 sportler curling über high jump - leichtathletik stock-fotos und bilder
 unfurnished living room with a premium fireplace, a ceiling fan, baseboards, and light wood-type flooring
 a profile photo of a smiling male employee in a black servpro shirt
---
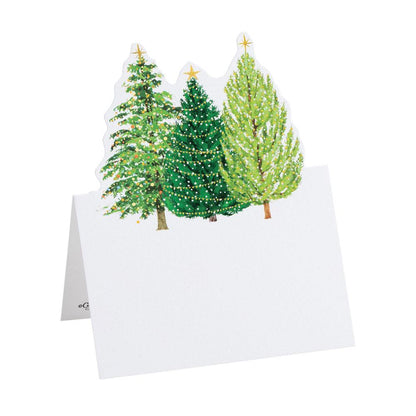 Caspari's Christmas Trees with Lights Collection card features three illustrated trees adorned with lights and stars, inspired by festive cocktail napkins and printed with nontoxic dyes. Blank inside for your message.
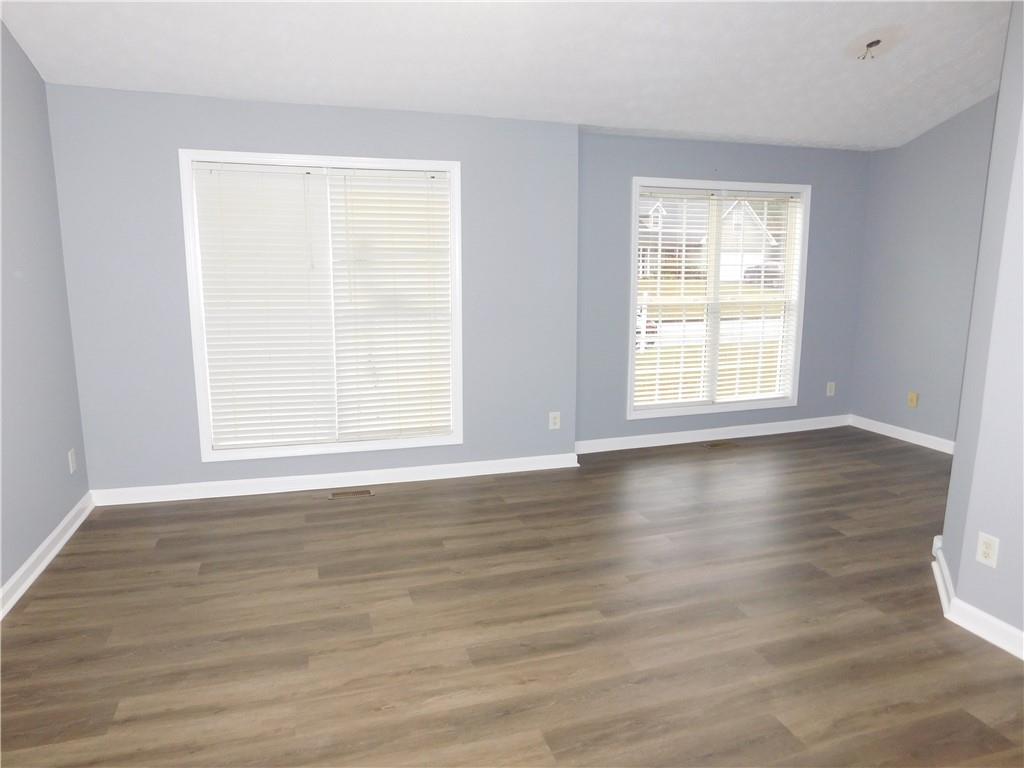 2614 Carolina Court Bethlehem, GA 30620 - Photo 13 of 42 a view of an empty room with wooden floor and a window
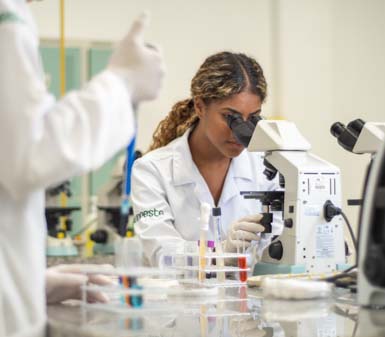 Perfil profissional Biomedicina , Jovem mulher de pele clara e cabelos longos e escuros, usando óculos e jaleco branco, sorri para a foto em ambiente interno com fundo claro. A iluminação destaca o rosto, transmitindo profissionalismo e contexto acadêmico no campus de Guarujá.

#### [Problem description]
Copy the lines above exactly, starting at the one with "Caspari's Christmas Trees" and ending at the one with "Perfil profissional Biomedicina", both included. Leave out any pictures and add nothing else.

#### [Task result]
 Caspari's Christmas Trees with Lights Collection card features three illustrated trees adorned with lights and stars, inspired by festive cocktail napkins and printed with nontoxic dyes. Blank inside for your message.
 2614 Carolina Court Bethlehem, GA 30620 - Photo 13 of 42 a view of an empty room with wooden floor and a window
 Perfil profissional Biomedicina , Jovem mulher de pele clara e cabelos longos e escuros, usando óculos e jaleco branco, sorri para a foto em ambiente interno com fundo claro. A iluminação destaca o rosto, transmitindo profissionalismo e contexto acadêmico no campus de Guarujá.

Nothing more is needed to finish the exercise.